Dear Perplexed,
You write about your post-holiday blues. You had no struggles during the holidays—no empty seats at the table from death or divorce, no family estrangement. Quite the opposite. You busied yourself with family and friends and your favorite traditions. You know the pop psychology of the post-holiday let-down: emptiness inevitably follows the long excitement from Thanksgiving to New Years. That makes sense. But isn’t there more to your malaise?
I think so. Your blues signal it’s time to reflect on what the holidays mean to you. Why do you put so much energy into the preparations? Schedule so many gatherings? Quest to create that “Christmas magic,” and throw so much time, money, and energy into those final months of the year, as the days shorten and cold descends?
The culture of Christmas sweeps us all along. It’s hard to resist this powerful current, the pull of promised peace and warmth in the bosom of nostalgia. Modern Christmas doesn’t just sustain us through the dark days and long nights; it’s a full-bore attempt to re-create idealized memories of Christmas and to pass them to the next generation, lest those magical moments of bright lights and color, endless feasts, freedom from school and work, the loving care of family made concrete in gifts that show we matter, pass away. It is, after all, “the most wonderful time of the year”. We probably never really experienced this ideal Christmas, but it lives in our imaginations, and it drives our annual Christmas quest. We want to “go home” again. Whether it’s a sojourn to the old family homestead or celebrations in our present home, Christmas is the time to connect with family and friends, to appreciate those who enrich our lives, and—above all—to be reassured that we matter.

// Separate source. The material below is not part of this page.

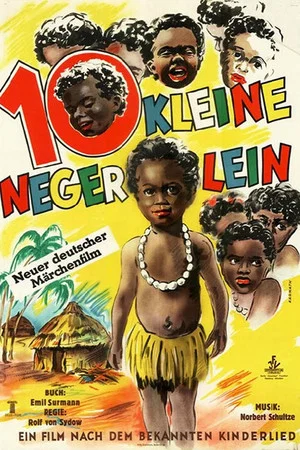 Постер: Zehn kleine Negerlein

Christmas, in short, rejuvenates the illusion that we can return to a magical friction-free past, and that this return will comfort. It’s the fantasy that regression cures. Then, when the regression fails, and all our heartfelt efforts disillusion us, we hit the blues. We’re once again reduced to our ordinary lives, our ordinary disappointments, one step at a time, no regressive promises beckoning on the horizon.
Of course, your longing to matter is a wonderful thing. There’s no shame in that. But we’re all tempted to look for love in the wrong places. We just have to catch ourselves in the wild goose chase for love.
You might use your blues to reflect and learn from your holiday experience. Write a note to your future self. What parts of the holidays brought pleasure? What left you cold and disappointed? Which traditions make sense in your life now? How are you clinging to the past?
Then, turn your attention to what’s meaningful in your daily life. Meaningful can be small. Maybe you enjoy a brief ski in the woods. Maybe you like to force daffodil bulbs, an early sign of spring. It’s an imperfect ephemeral beauty, a fleeting pleasure. It’s not a magical field of flowers that bloom forever.
It takes courage to let go of the quest for grand satisfactions. And to open ourselves to the pleasures at hand. But it’s the path that helps us grow into the reality of our lives.